→ Source data
□ □ □
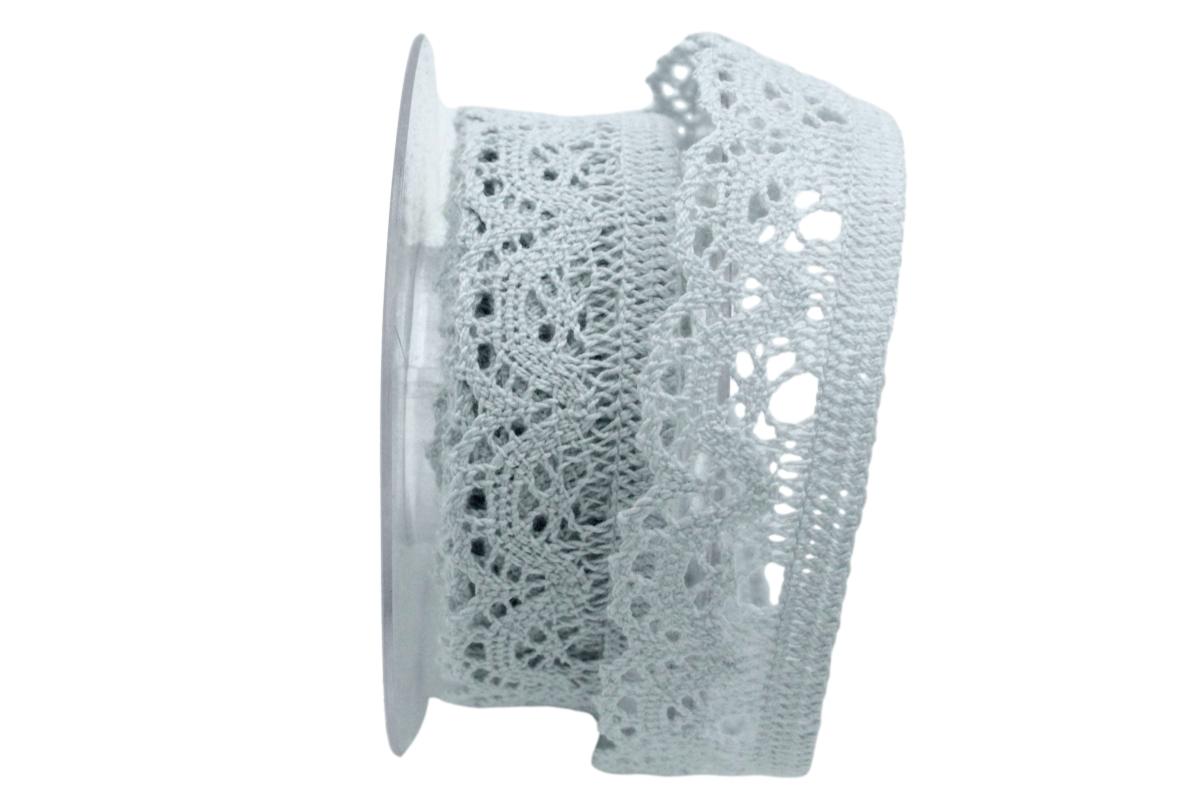 Dekoband Spitze 30mm hellblau / türkis hell ohne Draht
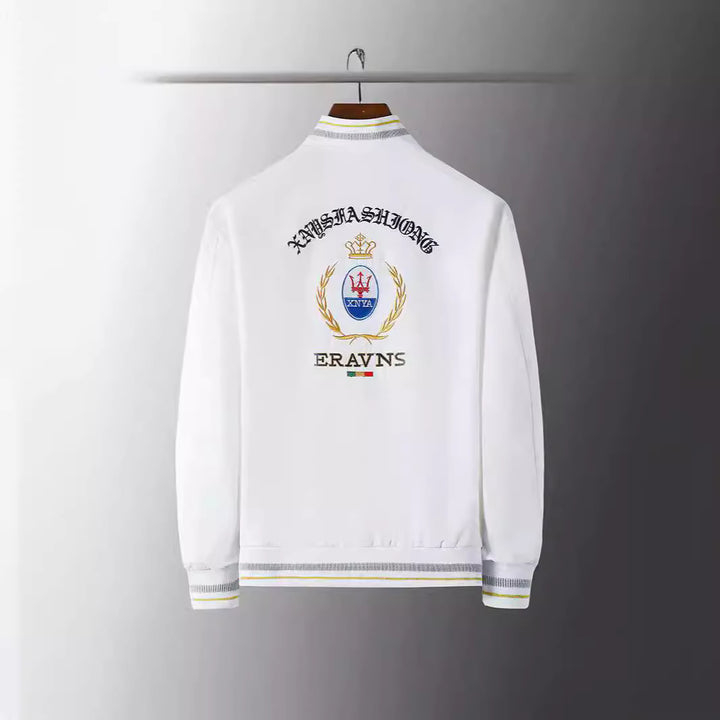 Herren Stickdetail-Bomberjacke im Retro-Crest-Stil mit Emblemstickerei und Reißverschluss-Ärmeltasche Echoarchiv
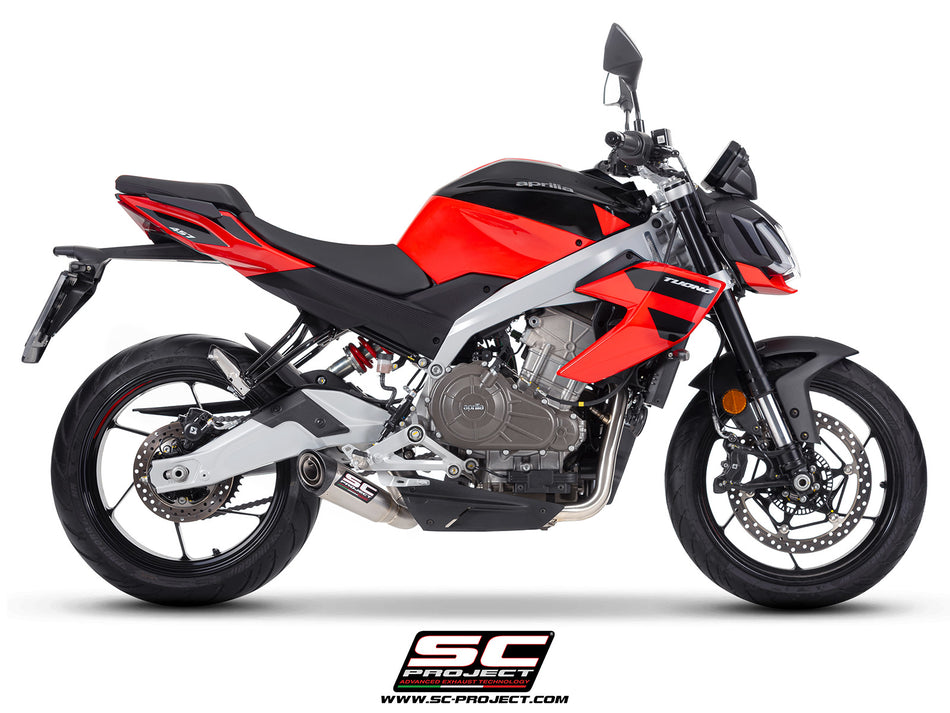 Aprilia Tuono 457 with SC-Project full exhaust system stainless steel, with S1 stainless steel exhaust, 3/4 rear view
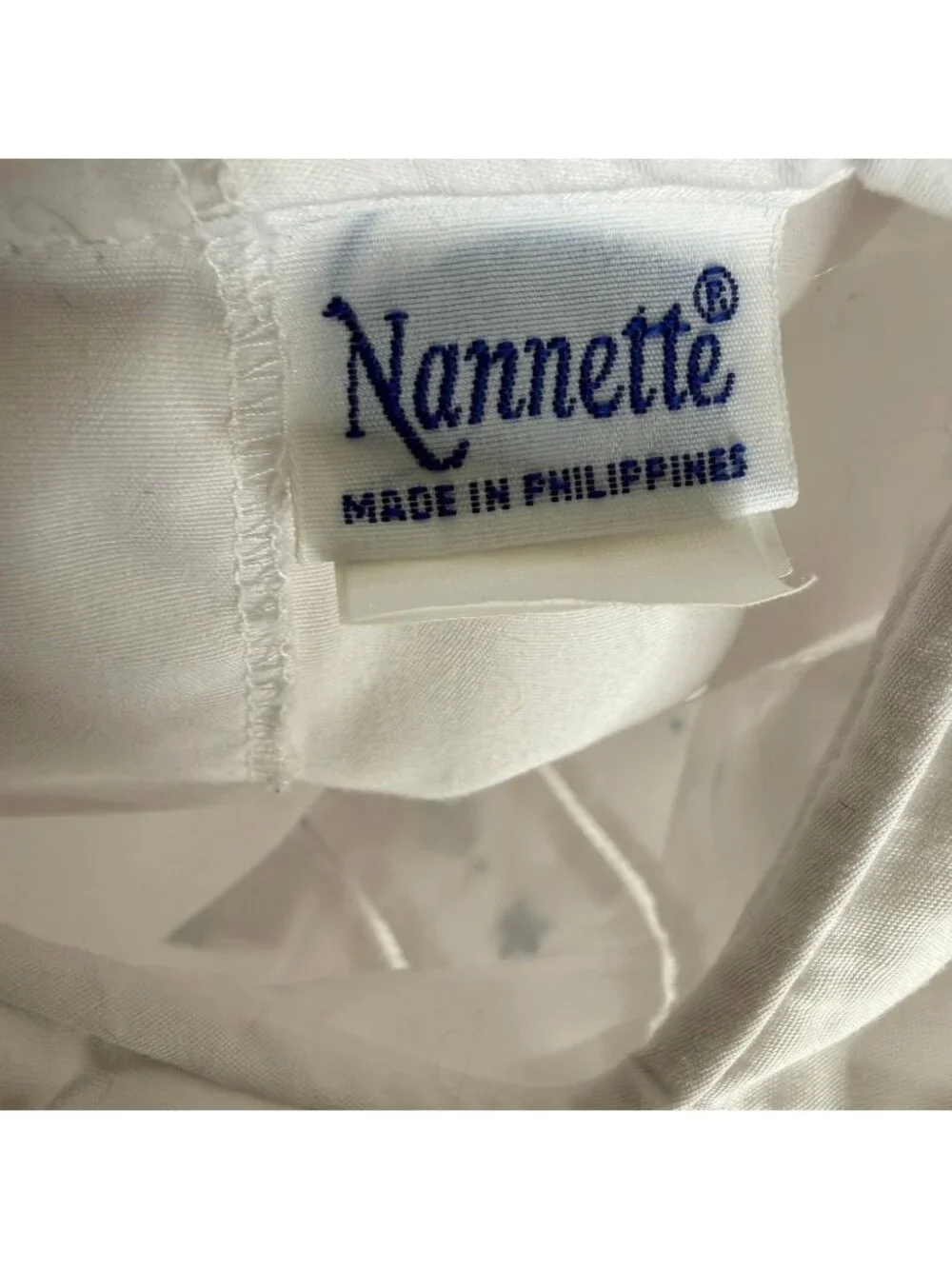VTG Nannette Baby Boy Outfit White Blue Embroidered Romper Short Shirt Button 6M
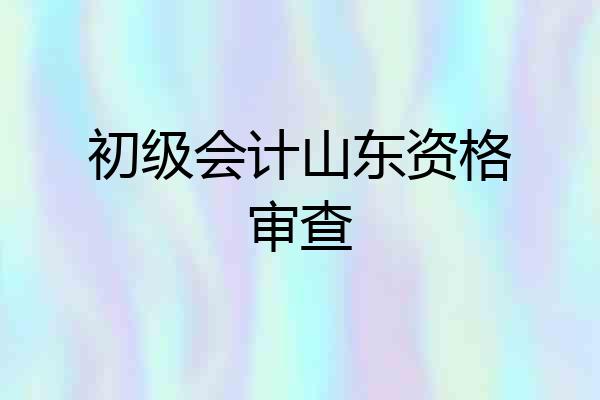 初级会计山东资格审查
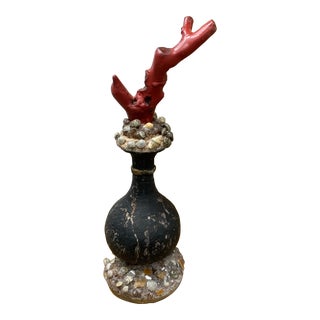 Vintage Petite Faux Italian Baroque Style Finial With Faux Red Coral Branch For Sale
□ □ □
→ PROBLEM
Set down the data exactly as it appears, without any images.

→ SOLVED EXERCISE
 Dekoband Spitze 30mm hellblau / türkis hell ohne Draht
 Herren Stickdetail-Bomberjacke im Retro-Crest-Stil mit Emblemstickerei und Reißverschluss-Ärmeltasche Echoarchiv
 Aprilia Tuono 457 with SC-Project full exhaust system stainless steel, with S1 stainless steel exhaust, 3/4 rear view
VTG Nannette Baby Boy Outfit White Blue Embroidered Romper Short Shirt Button 6M
 初级会计山东资格审查
 Vintage Petite Faux Italian Baroque Style Finial With Faux Red Coral Branch For Sale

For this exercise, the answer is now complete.